=== Begin Enclosure ===
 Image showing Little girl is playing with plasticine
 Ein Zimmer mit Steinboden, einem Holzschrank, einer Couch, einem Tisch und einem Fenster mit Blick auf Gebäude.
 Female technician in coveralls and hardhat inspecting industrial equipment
=== End Enclosure ===
=== Begin Enclosure ===
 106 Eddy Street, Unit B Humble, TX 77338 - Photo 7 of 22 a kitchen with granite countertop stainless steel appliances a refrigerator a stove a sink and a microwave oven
=== End Enclosure ===
Required work: Filter the records down to the lines that contain the string "with", and copy those lines.

Output of the task:
 Image showing Little girl is playing with plasticine
 106 Eddy Street, Unit B Humble, TX 77338 - Photo 7 of 22 a kitchen with granite countertop stainless steel appliances a refrigerator a stove a sink and a microwave oven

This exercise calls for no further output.